Task inputs —
◆ ◆ ◆ ◆ ◆

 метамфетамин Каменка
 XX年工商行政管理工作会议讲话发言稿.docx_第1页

◆ ◆ ◆ ◆ ◆

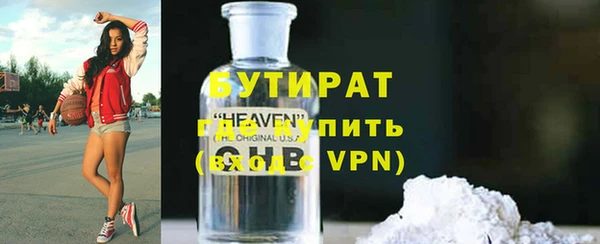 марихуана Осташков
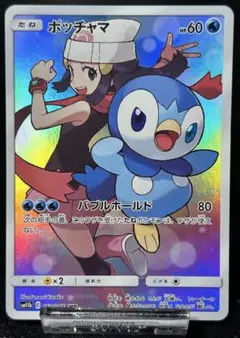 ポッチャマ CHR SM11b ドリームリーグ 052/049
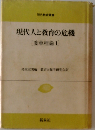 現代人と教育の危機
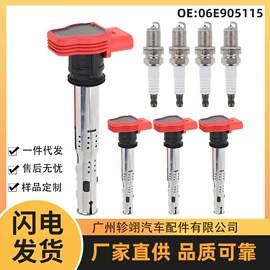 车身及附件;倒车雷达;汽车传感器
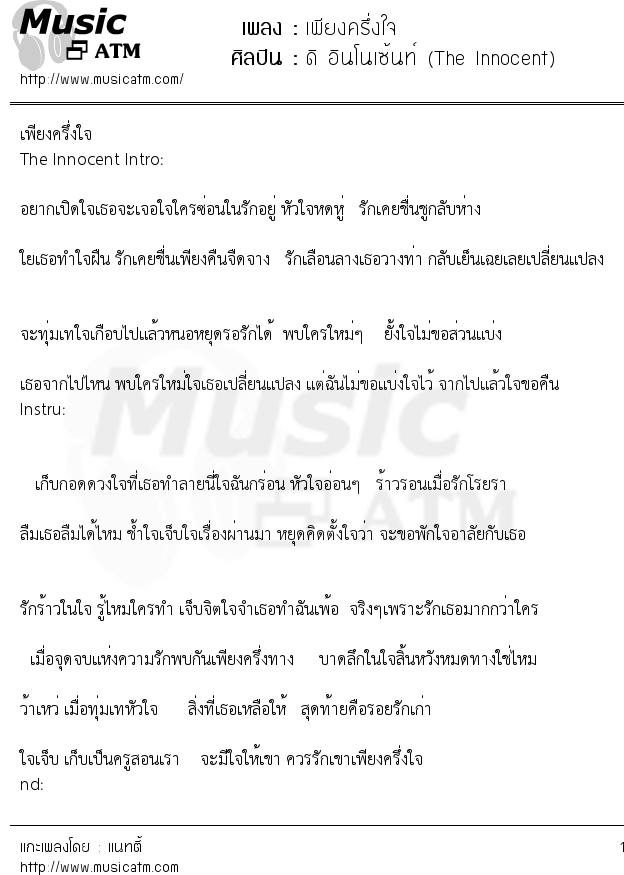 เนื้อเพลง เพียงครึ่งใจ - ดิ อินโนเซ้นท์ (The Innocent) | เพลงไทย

◆ ◆ ◆ ◆ ◆

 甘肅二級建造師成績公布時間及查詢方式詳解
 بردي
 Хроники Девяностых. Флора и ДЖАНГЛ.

◆ ◆ ◆ ◆ ◆

Retype the entries above exactly, but only from the line containing "甘肅二級建造師成績公布時間及查詢方式詳解" through the line containing "Хроники Девяностых. Флора и ДЖАНГЛ.", both included.

Exercise response —
 甘肅二級建造師成績公布時間及查詢方式詳解
 بردي
 Хроники Девяностых. Флора и ДЖАНГЛ.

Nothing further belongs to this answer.